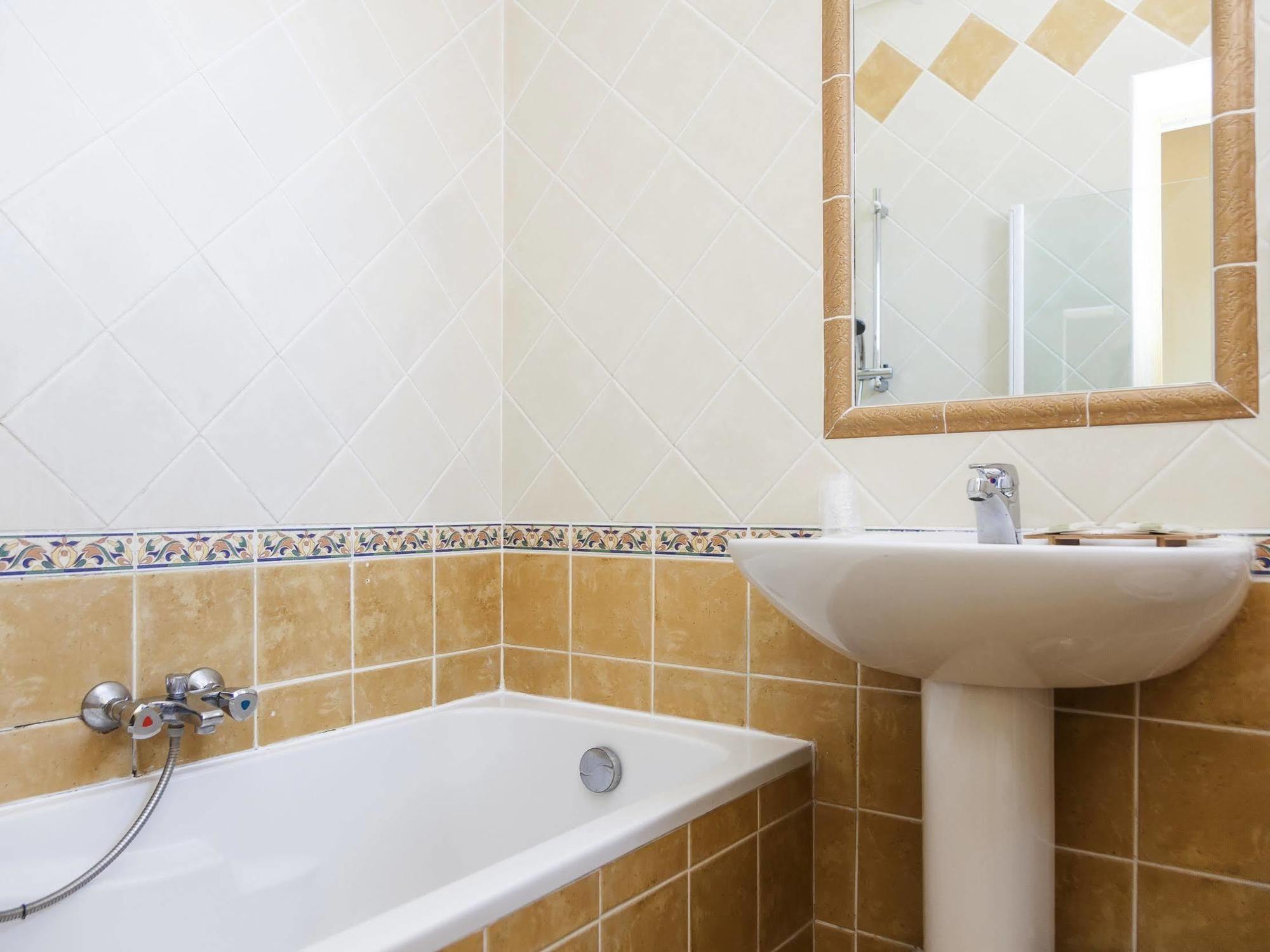 Logis Hotel & Restaurant L'Etape Bouc Bel Air - Gardanne Εξωτερικό φωτογραφία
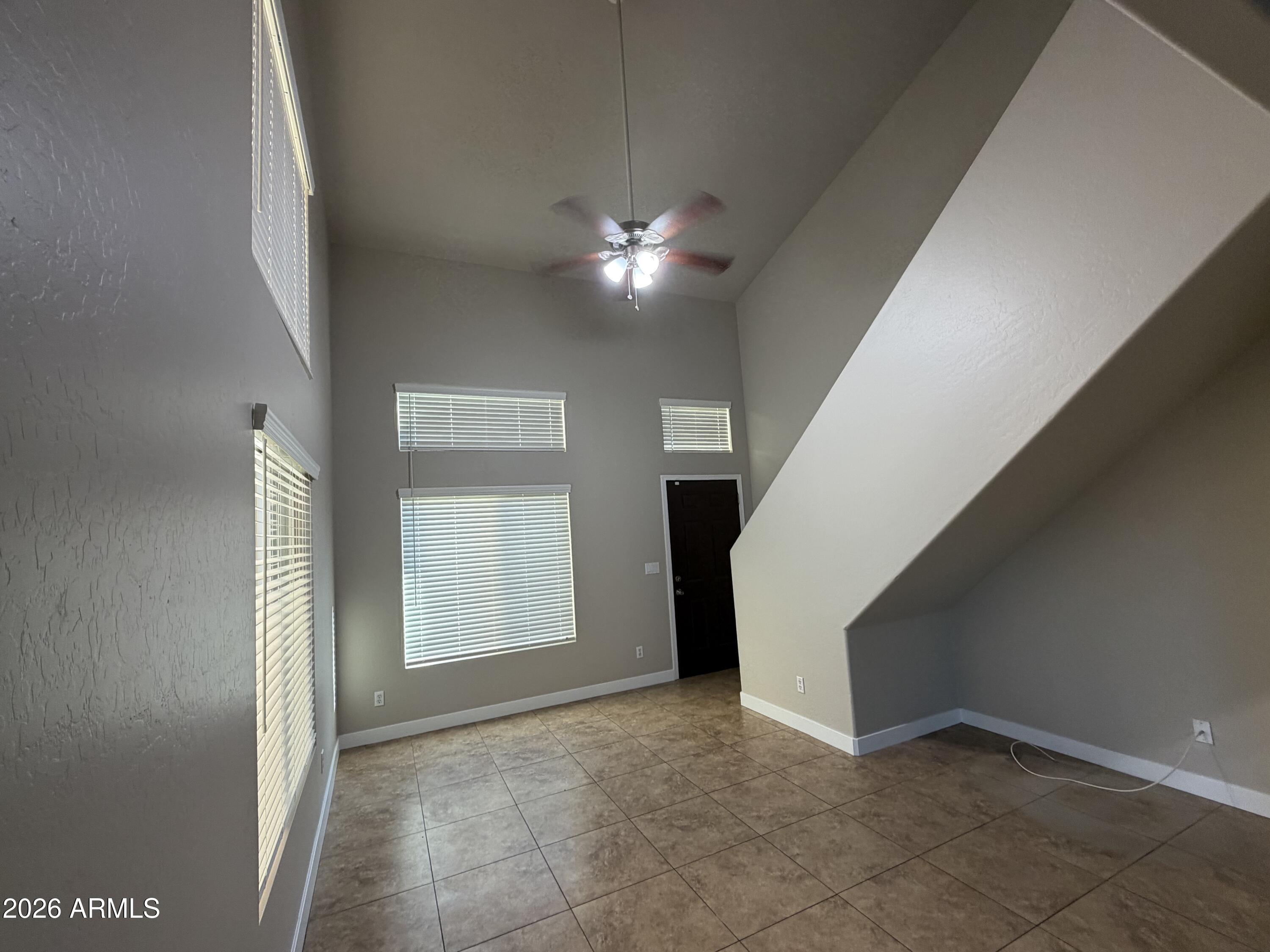 3806 W OREGON Avenue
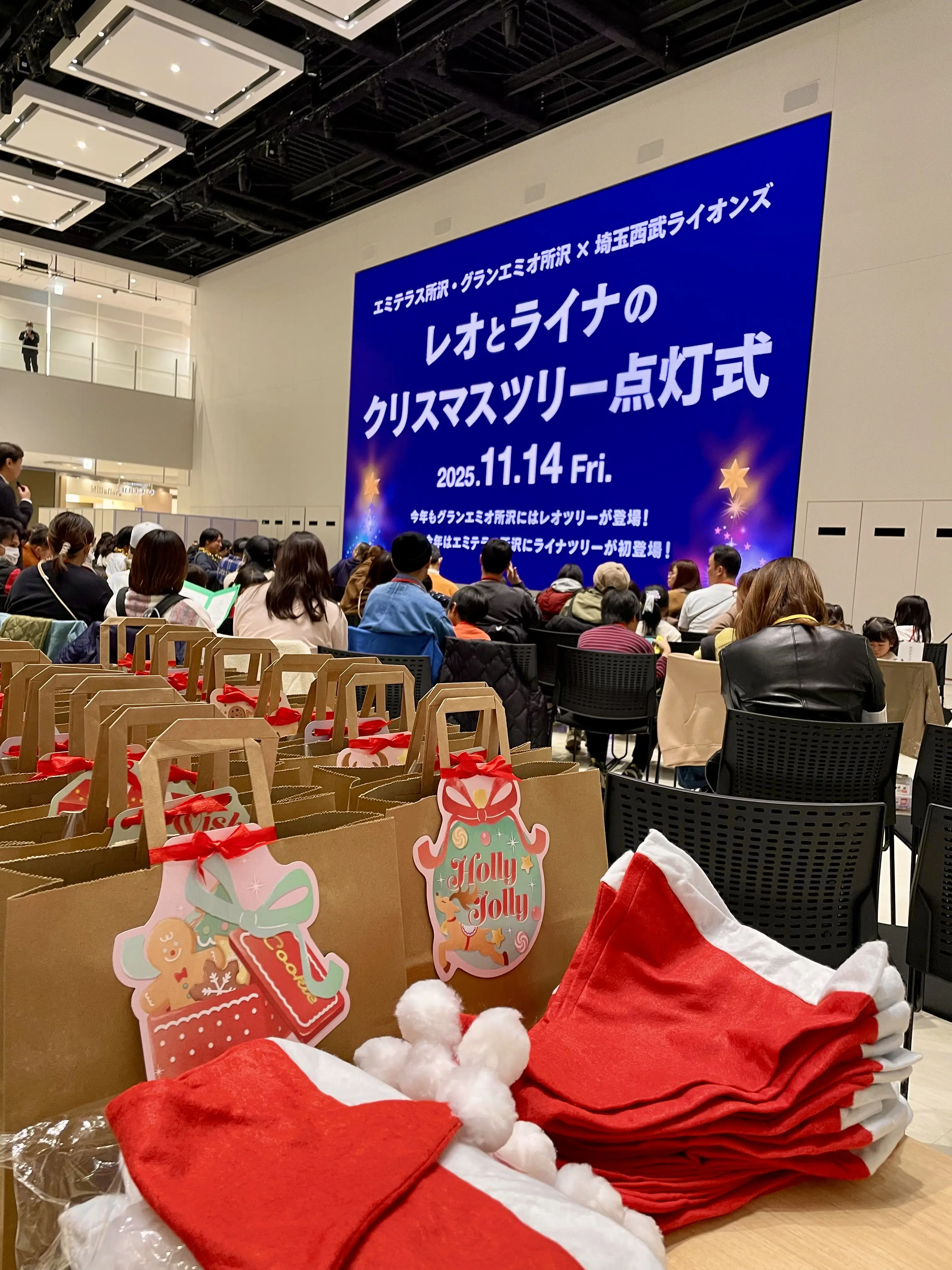 クリスマスイベント、イベント、 Emi Terrace、エミテラス、レオ、レイラ、西武ライオンズ、マスコット、キャラクター、ライオン、ツリー、クリスマスツリー、ブルーライト、ブルーツリー、点灯式、サンタ帽、プレゼント、帽子、紙袋、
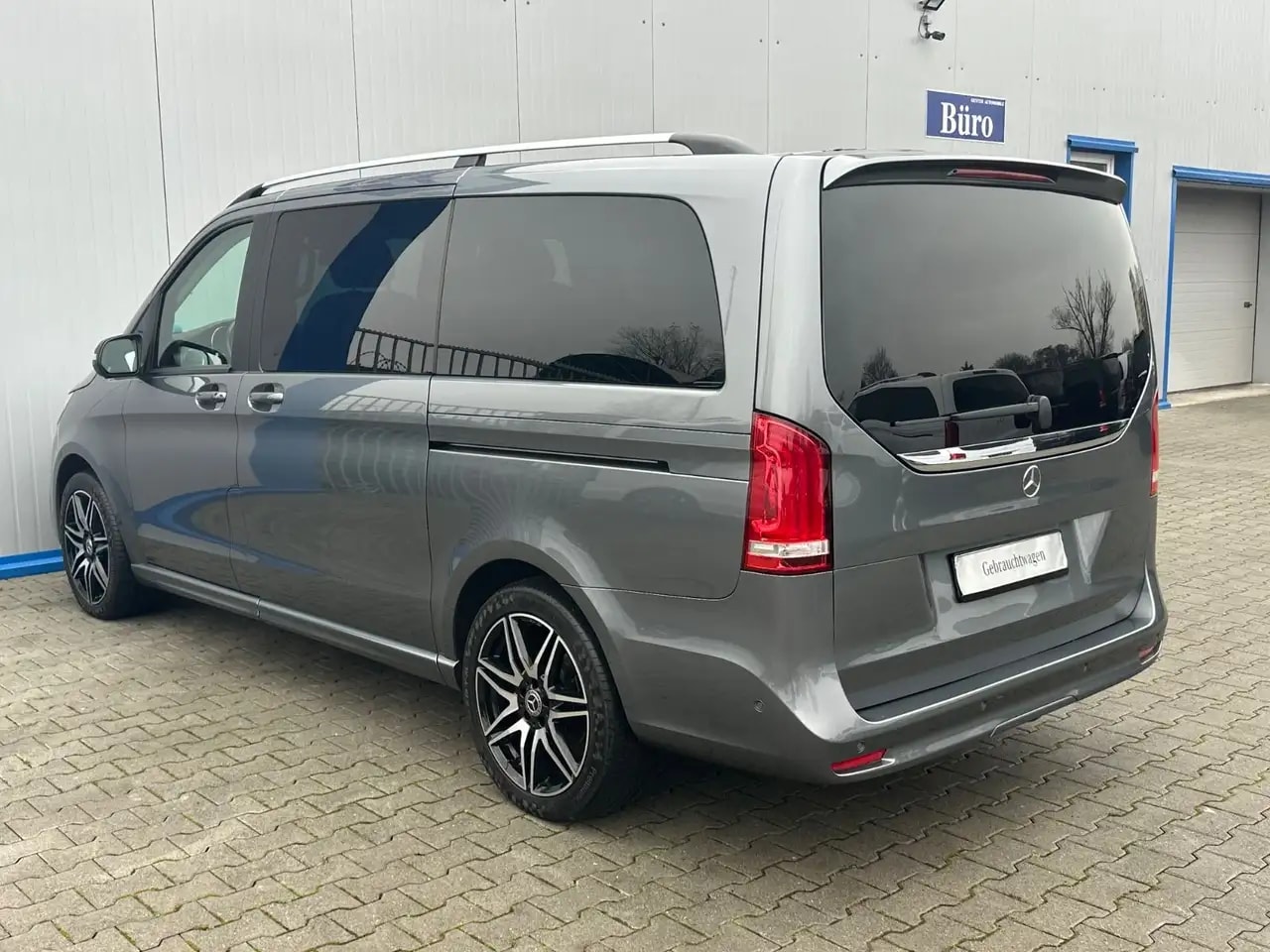 Mercedes-Benz V 300 V300 LANG 4M AMG LIEGEPAKET WEBASTO LED EL.TÜREN 9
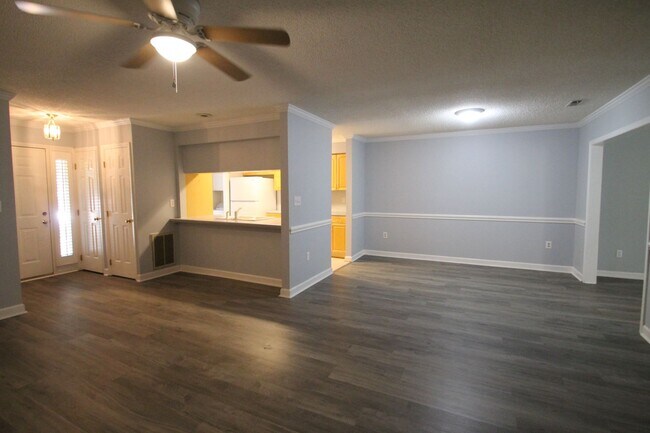 Building Photo - 806 Beech Dr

########

» INSTRUCTIONS FOR THE TASK
Reproduce each entry precisely; the pictures stay out.

» COMPLETED EXERCISE
 Logis Hotel & Restaurant L'Etape Bouc Bel Air - Gardanne Εξωτερικό φωτογραφία
 3806 W OREGON Avenue
 クリスマスイベント、イベント、 Emi Terrace、エミテラス、レオ、レイラ、西武ライオンズ、マスコット、キャラクター、ライオン、ツリー、クリスマスツリー、ブルーライト、ブルーツリー、点灯式、サンタ帽、プレゼント、帽子、紙袋、
 Mercedes-Benz V 300 V300 LANG 4M AMG LIEGEPAKET WEBASTO LED EL.TÜREN 9
 Building Photo - 806 Beech Dr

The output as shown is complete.